─── Information provided ───
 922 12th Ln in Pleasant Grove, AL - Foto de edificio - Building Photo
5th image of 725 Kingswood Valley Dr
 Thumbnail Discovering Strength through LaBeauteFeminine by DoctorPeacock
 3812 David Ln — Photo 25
───
─── Information provided ───
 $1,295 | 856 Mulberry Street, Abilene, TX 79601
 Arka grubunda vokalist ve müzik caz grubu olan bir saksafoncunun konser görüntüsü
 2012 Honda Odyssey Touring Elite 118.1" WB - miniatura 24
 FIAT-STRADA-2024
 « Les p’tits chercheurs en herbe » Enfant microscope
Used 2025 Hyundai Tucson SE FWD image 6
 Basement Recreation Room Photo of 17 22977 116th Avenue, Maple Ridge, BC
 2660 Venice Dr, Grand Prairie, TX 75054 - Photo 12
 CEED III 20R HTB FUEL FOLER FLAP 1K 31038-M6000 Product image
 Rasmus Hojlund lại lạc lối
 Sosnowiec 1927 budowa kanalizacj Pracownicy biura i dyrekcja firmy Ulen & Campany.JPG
───
• Work item: For the listing above, print only the lines starting at the line containing "CEED III 20R" and ending at the line containing "Sosnowiec 1927 budowa", exactly, both included.

• Result:
 CEED III 20R HTB FUEL FOLER FLAP 1K 31038-M6000 Product image
 Rasmus Hojlund lại lạc lối
 Sosnowiec 1927 budowa kanalizacj Pracownicy biura i dyrekcja firmy Ulen & Campany.JPG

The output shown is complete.